The necessities of self-isolation have hit the globe with a pause button, a rare opportunity to switch gears and experience life a little differently. As an avid Instagrammer I’m always keeping an eye on the cultural zeitgeist. So, I thought I’d summarise some interesting self-isolation induced trends.

Baking – not only do Australians have a lot of time on their hands, they seem to have a lot of dough on their hands too. The inviting smell of baked goods is wafting through the streets (and through my Instagram feed). And in many ways, this is unsurprising. Recent research has illuminated the power of culinary therapy! The meditative effects that cooking and baking can have on a person have been recognised as a legitimate form of treatment for those suffering from mental health conditions.

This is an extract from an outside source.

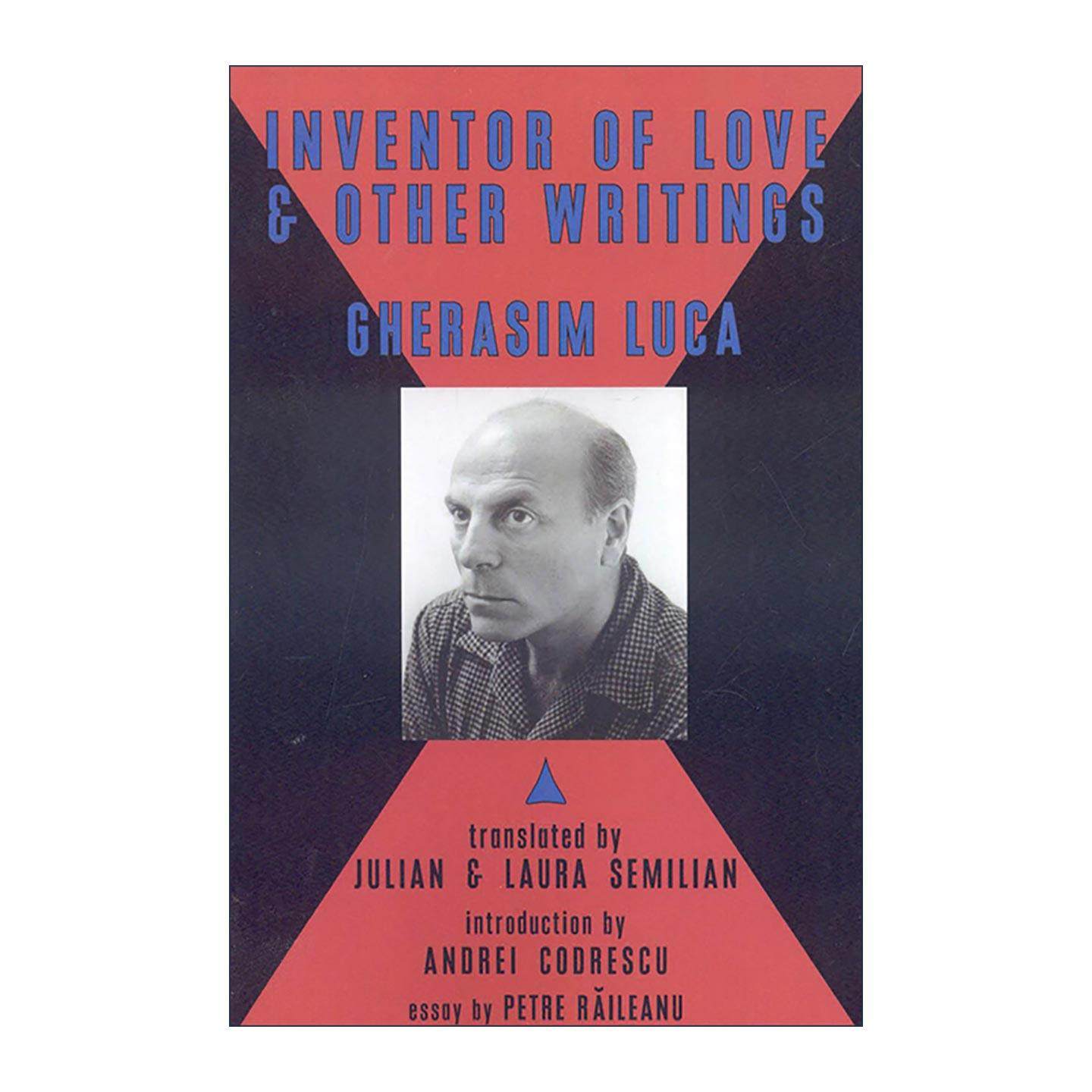 英文原版 Inventor Of Love & Other Writings 爱情发明家 盖拉西姆·卢卡 英文版 进口英语原版书籍
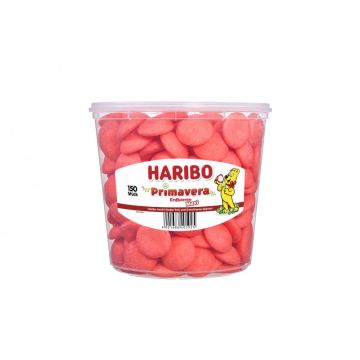 Haribo Erdbeeren Primavera 1 Dose 150 Stk. 1050g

Zoom – Zoom isn’t just the sound I make when I run to the kitchen for dinner, it’s also the virtual meeting channel that’s facilitating meetings and parties worldwide. Recently, iconic Australian comedian Hamish Blake has been sneaking his way into dozens of meetings, with participants secretly sending him meeting IDs so he can jump in and gently prank the attendees.

More pet time! – pets everywhere are quietly thrilled to have their owners spending more time at home. With ‘Quarantine Games’ trending on twitter, people are coming up with creative ways to keep engaged during self-isolation – and the best ones involve pets.

We have “cat cricket” – involving a cat defending a cardboard box from a ping pong ball…

And this remarkable pug stacking pringles.

Credit: (Twitter/mikewarburton)

Keep it up, pets of the world! You’re helping your humans through some challenging times!